3NF is third normal form, the third step in normalizing a database and builds on the first and second normal forms. It is a normalization process used to reduce the unnecessary duplication of data and making sure every value of of attribute column of a table exists as a value of another attribute column in the same or different table (referential integrity). This is done by ensuring that the data is in second normal form and that all the attributes in the table are determined only by the candidate keys of the table and not by any other non-prime attributes. 3NF is used to improve processing while minimizing storage costs, which is ideal for online transaction processing (OLTP) applications.

**Does machine learning use data in 3NF? If so why?**

3NF is often used for machine learning - 3NF's structure is ideal for machine processing.

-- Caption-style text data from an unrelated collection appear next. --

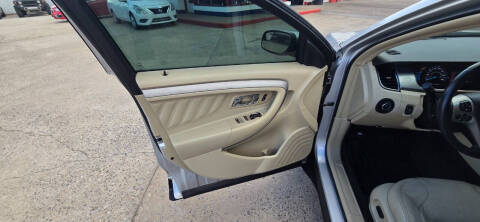 2014 Ford Taurus SEL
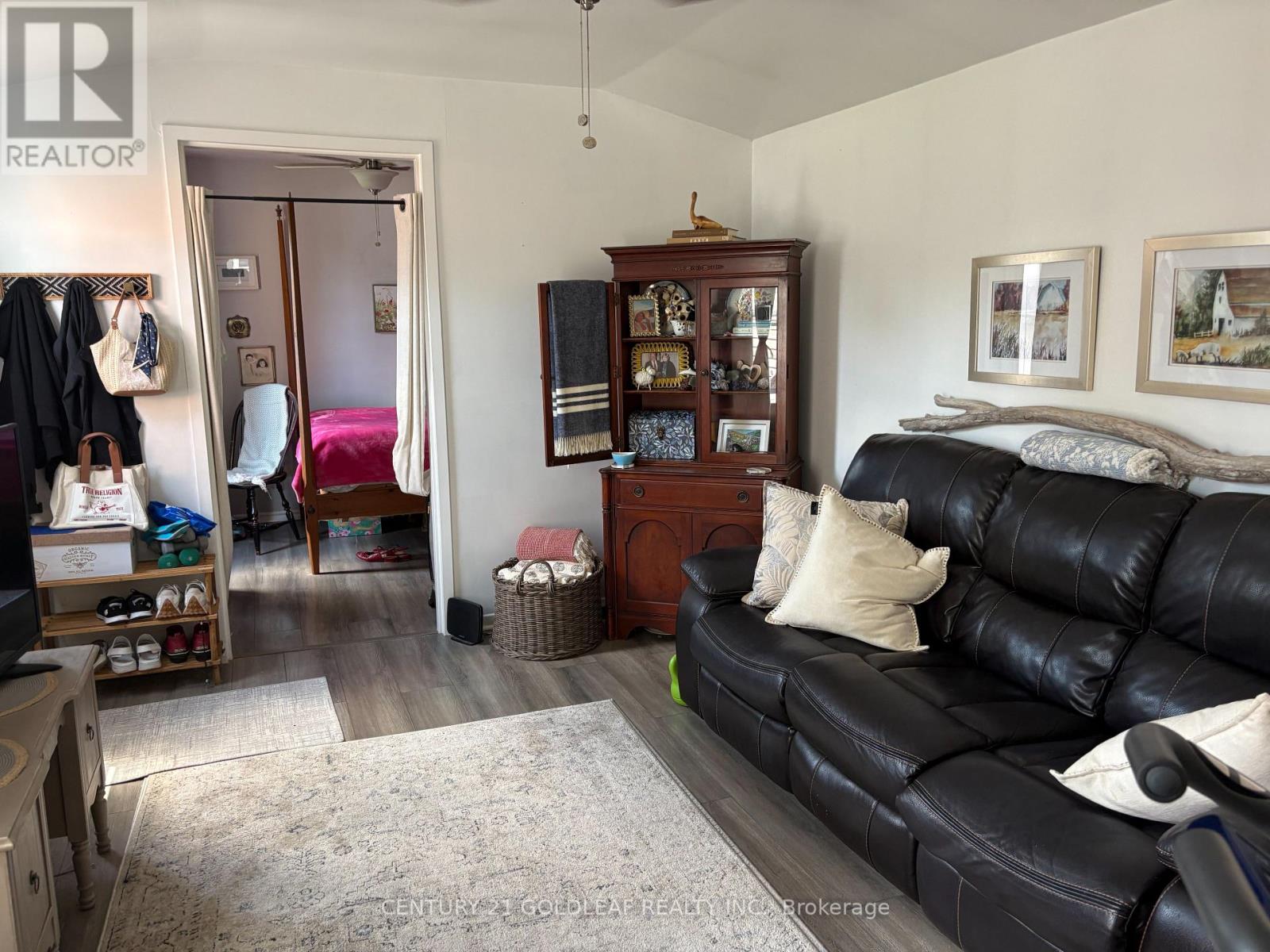 3766 CHAMPLAIN STREET - 21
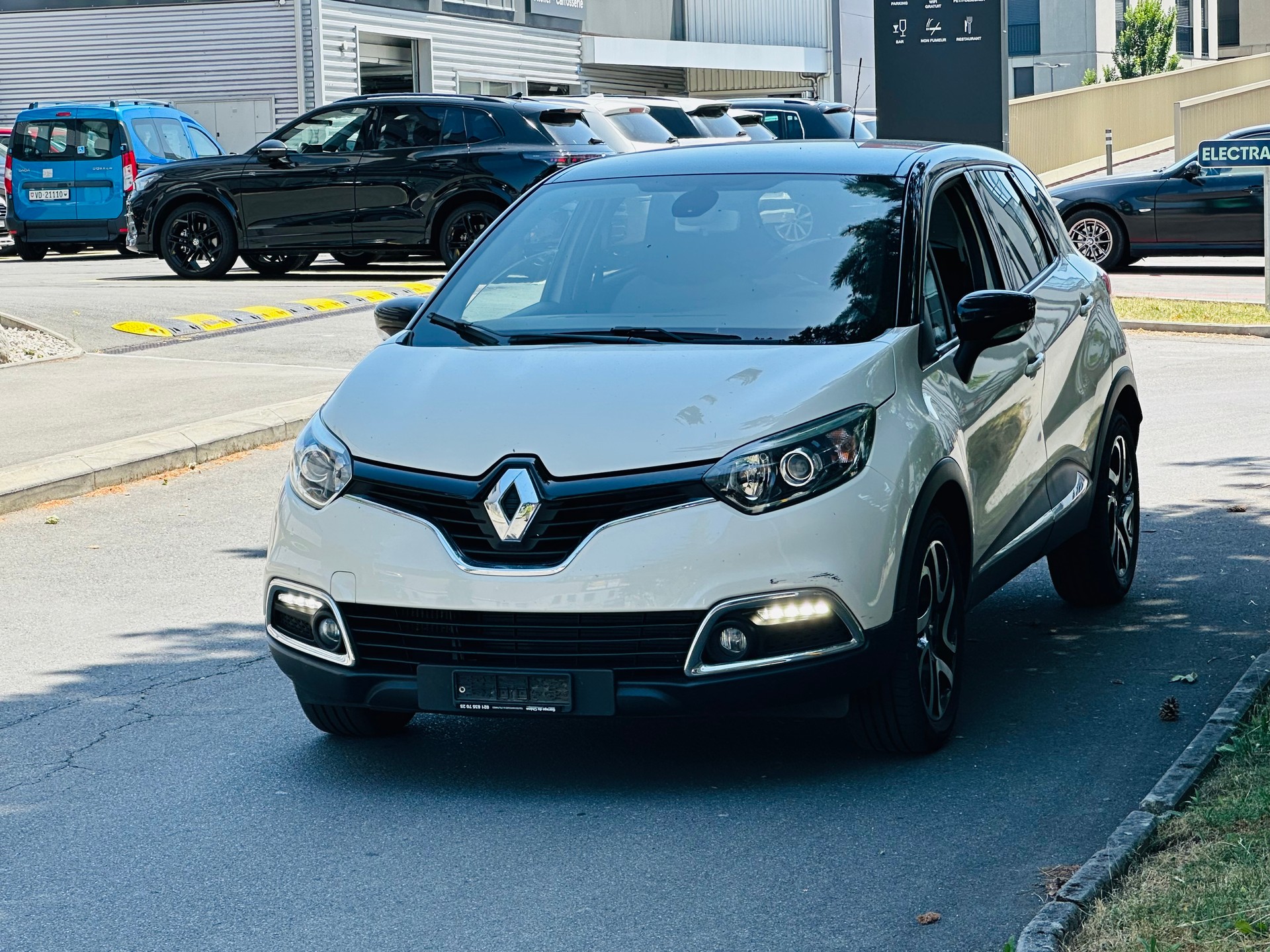 RENAULT Captur 1.2 T 16V Dynamique EDC-image-3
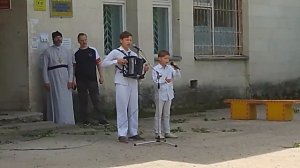 Песня о любви"Посидим по-хорошему" Стихи Рождественского, Музыка Мартынова исполняют братья Петровы.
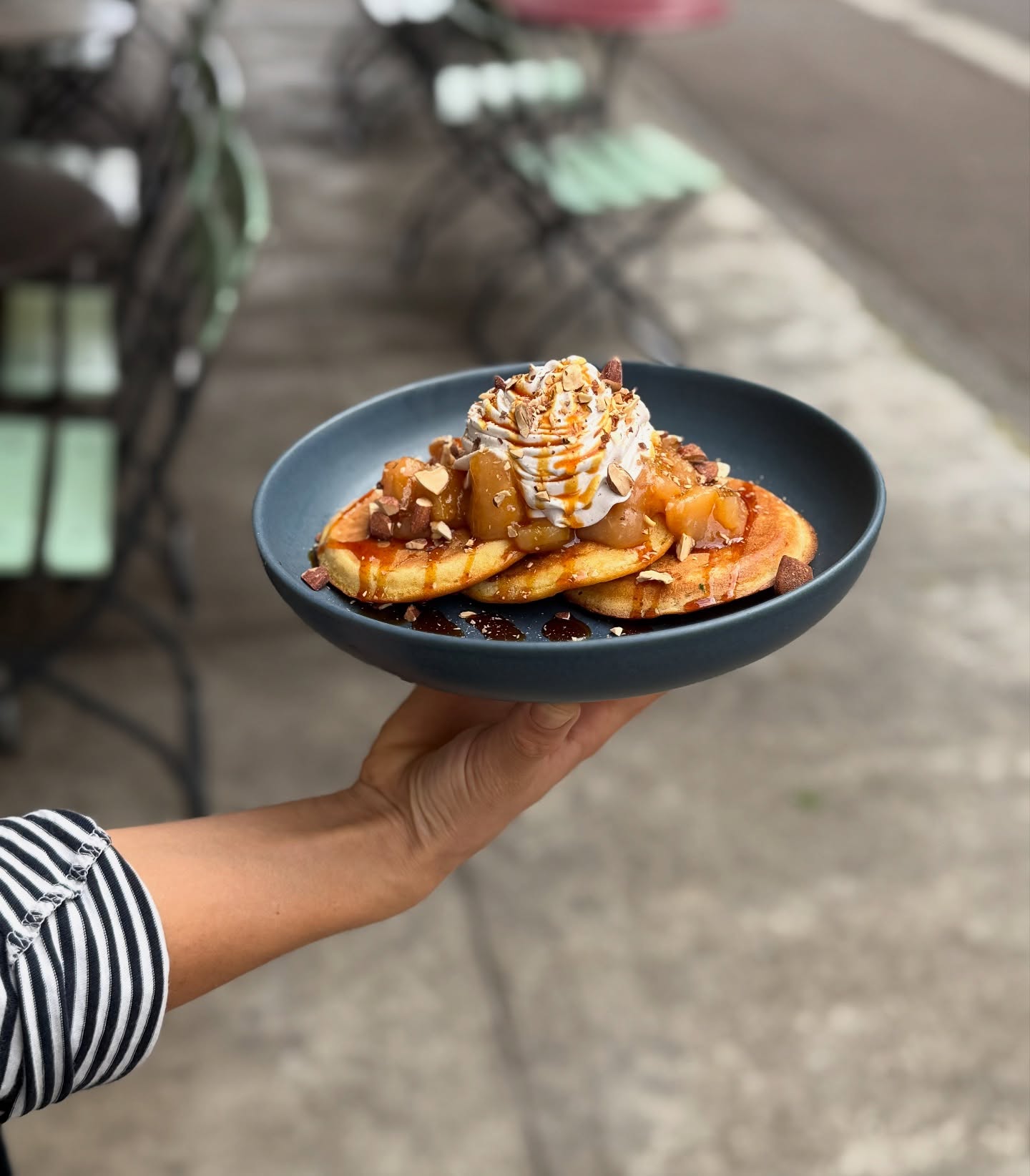 Das Weekend-Special wird durch ein Monats-Special ersetzt.
Oktober: Kürbispancakes mit Miso-Apfelkompott, Zimt-Sahne, Karamell und gerösteten Mandeln. V+ 🧡
#breakfast #brunch #autumn #pumpkin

The removal of transitive functional dependency avoids inputting features for machine learning that are redundant and non-independent. Relational databases almost always contain structured, normalized data with indexes, and machine learning in this realm uses 3NF data inputs. 

**In what form does ML consume data?**  

Although 3NF works well for ML, ML consumes data in a variety of additional forms. Not all ML applications depend on data normalization - 1NF and 2NF can be fed into ML algorithms, although the effectiveness will vary depending on the algorithm and type of data being worked with. ML algorithms are now sophisticated enough to learn from unstructured data as well. 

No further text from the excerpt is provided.